National Socialists gravitated toward organic growth of plants, fruit, and wine not merely because of their agreement with pseudo-science, but because it offered a means of political and social control over the land. As Peter Staudenmaier, a professor of German history at Marquette University, writes in Organic Farming in Nazi Germany: The Politics of Biodynamic Agriculture, 1933–1945, “it opens a new perspective on the tactics adopted by allegedly nonpolitical environmentalist networks attempting to accommodate themselves to a totalitarian state.”

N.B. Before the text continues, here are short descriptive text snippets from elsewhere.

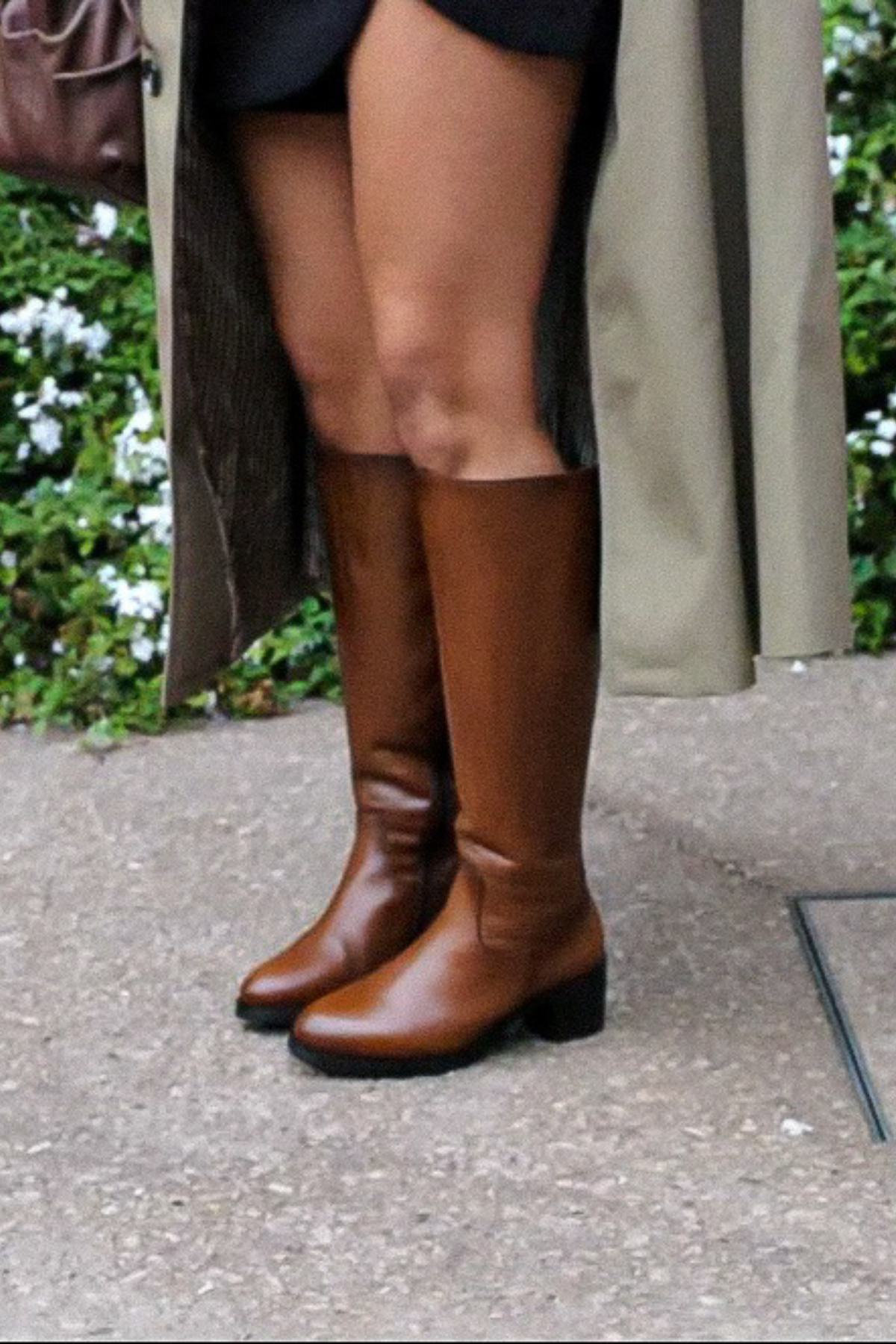 Bottes cavalières en cuir marron cognac Kaola 7282 portées avec un trench beige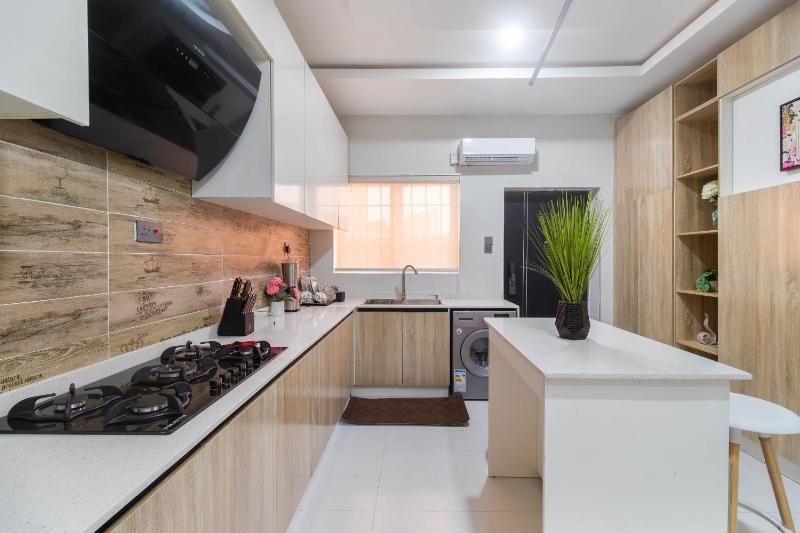 Luxury Lagos Apartment with 3 Bedrooms - image 7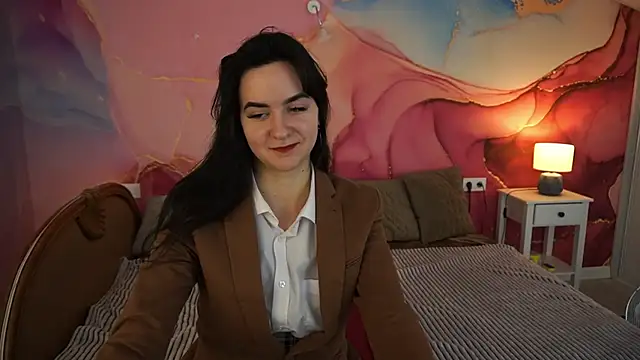 Snapshot of BerryDiva chatting on November 2025 07:42:01 AM BerryDiva online show from November 2025 07:42:01 AM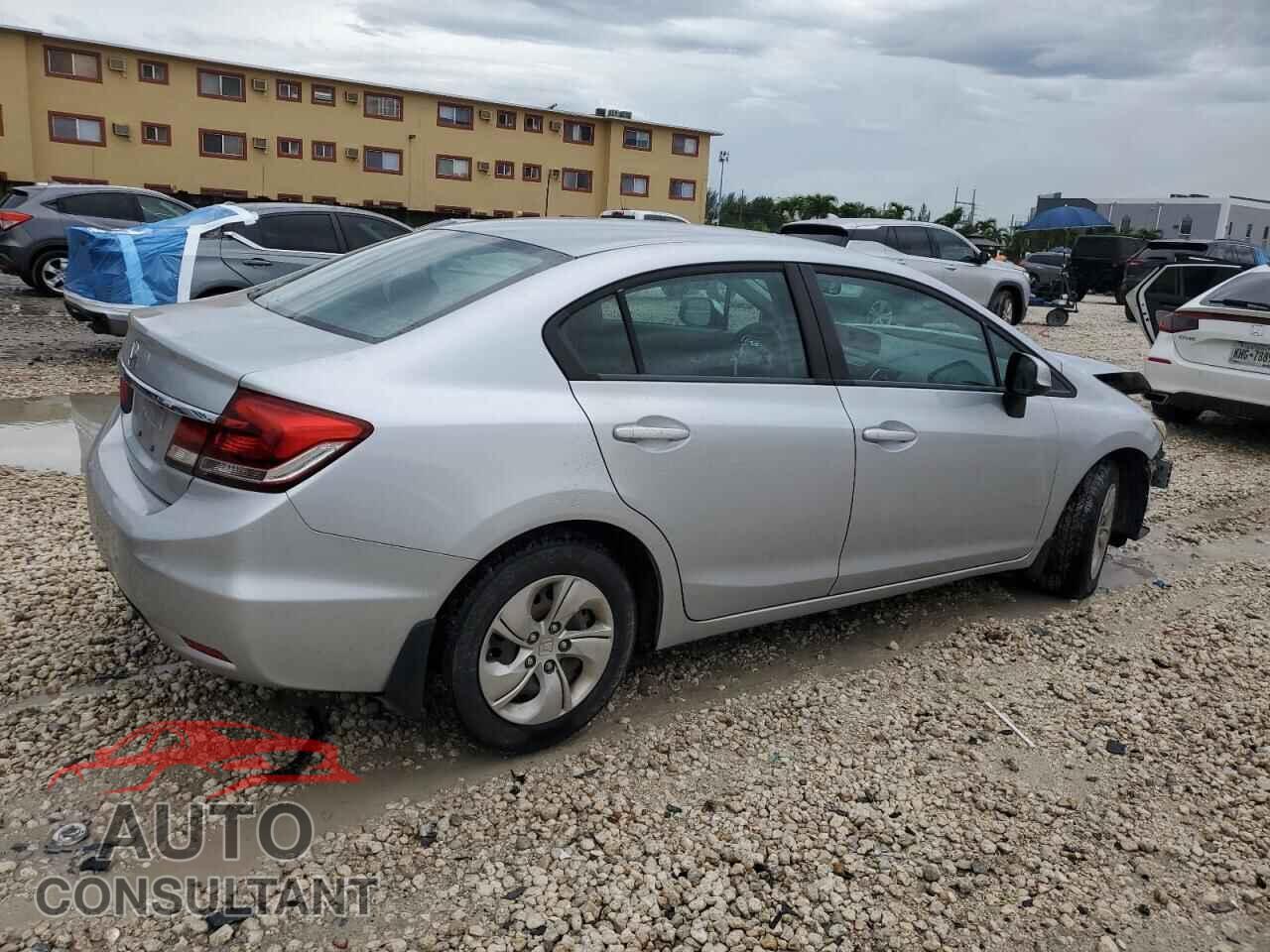 HONDA CIVIC 2013 - 2HGFB2F55DH582599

“it’s not necessarily all that shocking to find that while some Nazis are fine-tuning organic farming practices,” Staudenmaier told me, “other Nazis are using highly industrialized methods to launch attacks over Eastern Europe or mass murder Jews.”

Fredrich Zweigelt might not have been a member of the Reich League for Biodynamic Agriculture, but he tried desperately to gain the approval of Adolf Hitler. Shortly after the Anschluss in 1938, in an editorial for Das Weinland, Zweigelt wrote: “Adolf Hitler, the Führer of us all, has saved his home country. Only those who have suffered the infinite pain and terrible subjugation of an alien system over a period of five long and bitter years will be able to appreciate what we Austrians have felt and experienced during these great days.”

In 1958, on his 70th birthday, Fredrich Zweigelt was honored with the eponymous naming of his hybrid grape by winemaker Lenz Moser. The last time Zweigelt spoke in public was to accept an award honoring his work with wine. In his acceptance speech, he spoke about grape hybridization, explaining that even the discovery of only one valuable new hybrid can pay handsomely.